# Middle name for Raina??



## Starkette

Okay, the hubs and I have narrowed it down to two name possibilities and we LOVE LOVE LOVE both of them. :wacko: The only issue is that one of the names, Raina, doesn't have a middle name to go with it. 

Now, I'm pretty darn picky about the middle name. I like (as most people do now-a-days) unique but not odd names. Ones that are not made-up, but also no heard a lot. I'm willing, however, to go a little more traditional if the name is perfect. Example: You'll see Charlotte and Juliet below as "almost" perfect....but there was something missing from them. 

Here are ones we like, but aren't quite the "perfect" combo:

Raina Charlotte
Raina Arielle
Raina Juliet
Raina Noelle

Last name is Stark.

The other name we have chosen is Ivy Violet. We don't want to use either of those for Raina.
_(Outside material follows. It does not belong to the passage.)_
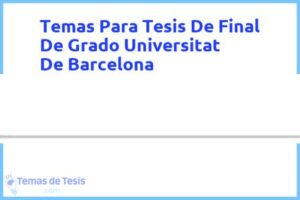Tesis de Final De Grado Universitat De Barcelona: Ejemplos y temas TFG TFM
Any suggestions would be SUPER helpful!! I'm so tired of google and nameberry searches. Maybe one of you gals can inspire me! :flower:


----------



## MrsPeacock13

Raina Felicity is the first thing that came to mind.


----------



## JJKCB

Raina Aura
Raina Lyla
Raina Joanne
Raina maisie
Raina lois
Raina Belle
Raina Kay


----------



## Sapphire83

From your list, I like Raina Juliet best. A few more suggestions would be:

Lillian
Madeleine
Beatrice
Pauline
Valerie
Hazel


----------



## steph.

Raina Marie
Raine Gabrielle

Though I think none sound as good as Ivy Violet. That name is just beautiful.


----------



## Dream.dream

My thought was Raina Ilene , or Raina Elizabeth


----------



## GingerPanda

Raina Annette was the first to my mind. I think Raina Annette Stark really flows.


----------



## xjesx

I love Raina Noelle Stark.


----------



## Dime Cuando

Raina Sophia
Raina Olivia 
Raina Fay
Raina Noelia


----------



## LaraJJ

Raina Liana
Raina Beth 
Raina Esther 
Raina Faith
Raina Iris
Raina Jude


----------



## Cheska

Raina auralie
Raina Aubrey


----------



## Starkette

So many great suggestions!! I will have to run a couple by the hubs. 

What about Raina Lily?


----------